The data:
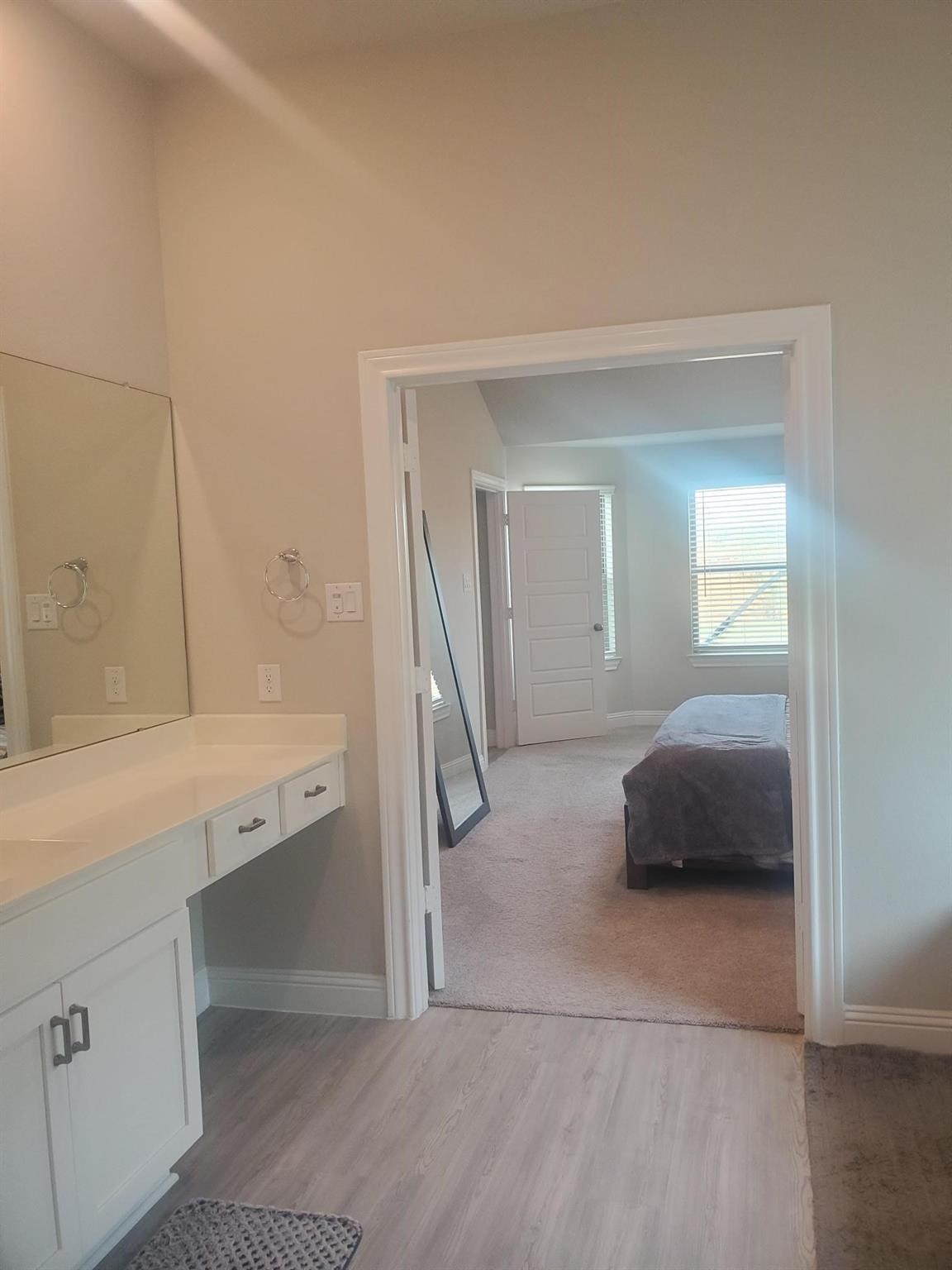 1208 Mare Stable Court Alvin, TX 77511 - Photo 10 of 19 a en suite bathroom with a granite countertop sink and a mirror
==
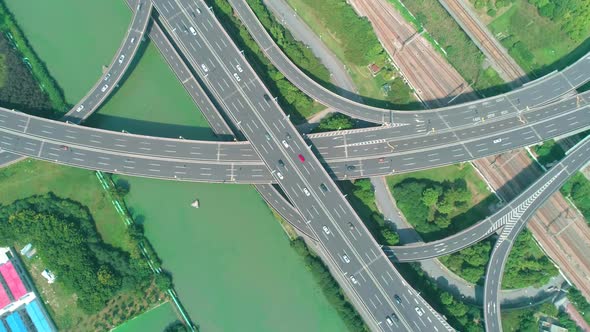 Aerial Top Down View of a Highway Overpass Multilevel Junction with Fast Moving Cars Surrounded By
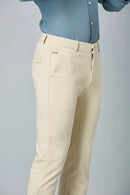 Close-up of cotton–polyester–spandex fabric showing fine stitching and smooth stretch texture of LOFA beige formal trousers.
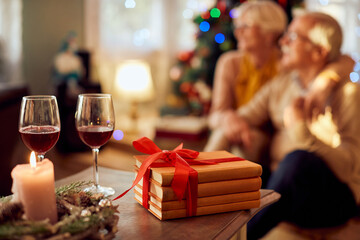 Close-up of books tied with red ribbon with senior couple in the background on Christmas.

Work instruction: Copy everything above from the line holding "Aerial Top Down" down to the line holding "Close-up of books", both ends included, exactly as it stands and without the pictures.

The completed task:
 Aerial Top Down View of a Highway Overpass Multilevel Junction with Fast Moving Cars Surrounded By
 Close-up of cotton–polyester–spandex fabric showing fine stitching and smooth stretch texture of LOFA beige formal trousers.
 Close-up of books tied with red ribbon with senior couple in the background on Christmas.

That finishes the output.